Still, while some locals grumbled it was not worth the expense, others were grateful for the distraction, a much-needed one from the past year that saw multiple officials get caught up in the country’s biggest corruption scandal and a sitting president removed from office to face impeachment proceedings.
Small, Halting Steps
The leaders of 18 Zimbabwean opposition parties are planning to meet in Harare Monday with the aim of forming a coalition to challenge long-time strongman Robert Mugabe in the 2018 elections.
It’s the clearest sign that Mugabe’s rule of 36 years might be coming to an end, say analysts.
The 92-year old leader has faced protests for months. With the economy tanking, the country running out of cash and facing the worst drought in decades, many locals – including former supporters – say it’s time to look to the future.
Enter Evan Mawarire, a pastor with extraordinary social media skills, who has been mobilizing thousands of workers to strike. Protests, meanwhile, have spread to Zimbabwe’s rural areas – traditionally Mugabe strongholds. Veterans and some in the judiciary have abandoned the leader openly.
“What you have is highly incendiary conditions in Zimbabwe – ripe for a power grab,” Charles Laurie, head of Africa at political-risk firm Verisk Maplecroft, told the Wall Street Journal.
Still, some believe Mugabe has staying power.
“He’s been in power for 36 years,” Temba Mliswa, a former provincial chairman of the ruling ZANU-PF party told the paper. “He’s learned the art of managing people.”
Swimming with Shakespeare
Long ranked among nature’s most fearsome predators, sharks have roamed the oceans for over an impressive 400 million years.
Now it looks like individual sharks boast lifespans that are equally as fantastic: deepwater sharks off the coast of Greenland appear to be nearly 400 years old, making them the longest-living of all known vertebrates, according to a new study published in the journal Science.
That gives deepwater sharks a lifespan more than double that of long-living vertebrates like the giant tortoise – and it means that some of them were swimming during Shakespeare’s time.
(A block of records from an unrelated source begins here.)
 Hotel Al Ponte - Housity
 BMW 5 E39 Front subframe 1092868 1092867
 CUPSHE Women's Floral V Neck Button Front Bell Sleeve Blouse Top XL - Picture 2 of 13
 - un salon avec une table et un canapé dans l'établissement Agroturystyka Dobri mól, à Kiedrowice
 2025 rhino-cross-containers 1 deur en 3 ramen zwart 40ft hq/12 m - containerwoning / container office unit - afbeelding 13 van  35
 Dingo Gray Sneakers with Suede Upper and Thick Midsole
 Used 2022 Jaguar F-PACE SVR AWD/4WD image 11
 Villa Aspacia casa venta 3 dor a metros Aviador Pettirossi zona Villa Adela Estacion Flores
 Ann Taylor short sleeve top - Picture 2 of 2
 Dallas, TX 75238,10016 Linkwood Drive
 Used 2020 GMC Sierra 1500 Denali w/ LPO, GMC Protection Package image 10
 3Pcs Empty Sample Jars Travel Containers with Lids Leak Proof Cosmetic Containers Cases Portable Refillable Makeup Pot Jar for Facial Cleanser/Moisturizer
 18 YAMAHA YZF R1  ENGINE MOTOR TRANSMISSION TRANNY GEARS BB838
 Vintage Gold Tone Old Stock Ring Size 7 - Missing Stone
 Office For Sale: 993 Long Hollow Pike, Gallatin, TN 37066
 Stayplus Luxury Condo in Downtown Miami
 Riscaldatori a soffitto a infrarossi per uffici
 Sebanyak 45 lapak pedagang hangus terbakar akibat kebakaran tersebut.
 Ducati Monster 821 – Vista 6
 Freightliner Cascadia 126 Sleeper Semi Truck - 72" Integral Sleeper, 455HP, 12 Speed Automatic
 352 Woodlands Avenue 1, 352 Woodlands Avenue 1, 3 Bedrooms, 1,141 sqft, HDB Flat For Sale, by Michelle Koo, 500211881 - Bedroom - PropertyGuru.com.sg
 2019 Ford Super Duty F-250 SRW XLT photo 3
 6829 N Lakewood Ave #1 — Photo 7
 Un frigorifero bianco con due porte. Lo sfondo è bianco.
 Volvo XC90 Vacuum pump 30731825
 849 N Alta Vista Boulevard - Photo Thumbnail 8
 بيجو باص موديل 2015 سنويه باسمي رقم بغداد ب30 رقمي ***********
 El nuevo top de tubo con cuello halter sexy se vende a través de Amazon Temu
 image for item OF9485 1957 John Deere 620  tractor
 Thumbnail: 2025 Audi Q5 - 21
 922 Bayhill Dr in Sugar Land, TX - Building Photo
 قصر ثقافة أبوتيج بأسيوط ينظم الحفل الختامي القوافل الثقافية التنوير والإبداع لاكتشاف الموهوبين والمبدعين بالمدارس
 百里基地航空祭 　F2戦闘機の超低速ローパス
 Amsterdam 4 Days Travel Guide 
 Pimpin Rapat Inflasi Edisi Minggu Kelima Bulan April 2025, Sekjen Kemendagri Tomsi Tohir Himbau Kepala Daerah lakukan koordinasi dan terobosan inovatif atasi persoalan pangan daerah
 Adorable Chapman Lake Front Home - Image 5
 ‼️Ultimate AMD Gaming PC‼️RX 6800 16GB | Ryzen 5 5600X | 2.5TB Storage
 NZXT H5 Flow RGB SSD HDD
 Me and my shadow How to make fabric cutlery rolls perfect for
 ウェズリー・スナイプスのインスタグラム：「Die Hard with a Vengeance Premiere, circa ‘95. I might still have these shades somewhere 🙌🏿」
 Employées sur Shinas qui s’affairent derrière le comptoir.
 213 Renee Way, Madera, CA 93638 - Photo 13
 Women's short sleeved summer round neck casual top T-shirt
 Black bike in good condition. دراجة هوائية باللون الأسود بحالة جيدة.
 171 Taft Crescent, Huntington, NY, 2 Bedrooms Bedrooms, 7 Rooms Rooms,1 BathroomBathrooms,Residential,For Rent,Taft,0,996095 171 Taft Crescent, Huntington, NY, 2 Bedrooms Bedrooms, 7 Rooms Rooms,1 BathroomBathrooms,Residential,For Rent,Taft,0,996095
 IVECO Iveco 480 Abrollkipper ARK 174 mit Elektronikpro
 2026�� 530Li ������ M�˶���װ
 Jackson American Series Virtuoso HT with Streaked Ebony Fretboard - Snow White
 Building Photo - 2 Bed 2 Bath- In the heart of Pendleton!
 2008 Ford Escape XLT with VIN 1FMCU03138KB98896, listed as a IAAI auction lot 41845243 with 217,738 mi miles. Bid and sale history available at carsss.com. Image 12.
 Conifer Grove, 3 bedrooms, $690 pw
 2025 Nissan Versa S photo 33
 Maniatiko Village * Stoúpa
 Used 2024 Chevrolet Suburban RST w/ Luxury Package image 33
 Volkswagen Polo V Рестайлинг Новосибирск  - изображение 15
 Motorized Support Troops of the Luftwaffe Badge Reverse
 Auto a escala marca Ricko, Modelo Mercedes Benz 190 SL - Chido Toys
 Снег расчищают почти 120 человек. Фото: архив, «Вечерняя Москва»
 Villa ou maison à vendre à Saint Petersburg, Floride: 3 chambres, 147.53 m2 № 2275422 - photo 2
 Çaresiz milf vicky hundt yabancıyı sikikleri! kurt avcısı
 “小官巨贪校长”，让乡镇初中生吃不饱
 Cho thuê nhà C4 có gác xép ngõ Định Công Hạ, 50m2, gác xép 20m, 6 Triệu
As with humans, lifestyle is a factor in sharks’ longevity: Cold-blooded animals that take to cold environments enjoy slow metabolic rates correlated with longevity, says Smithsonian Magazine.
“The general rule is that deep and cold equals old,” Chris Lowe, a shark biologist at the California State University at Long Beach not involved in the research, told Smithsonian, adding that these sharks must have a metabolic rate “just above a rock.”
Previous attempts to determine sharks’ age, by using carbon dating for example, were thwarted by the sharks’ lack of calcium-rich bones. But scientists in this study creatively studied inert crystalline proteins in sharks’ eyes – which contain the same isotopes used to date teeth and bones – to determine the year they were age zero.
At 16.5 feet, the biggest of the 28 female sharks examined was believed to have been 392 years old. But as Greenland sharks are known to grow to over 20 feet, many are likely even old than that, says Smithsonian.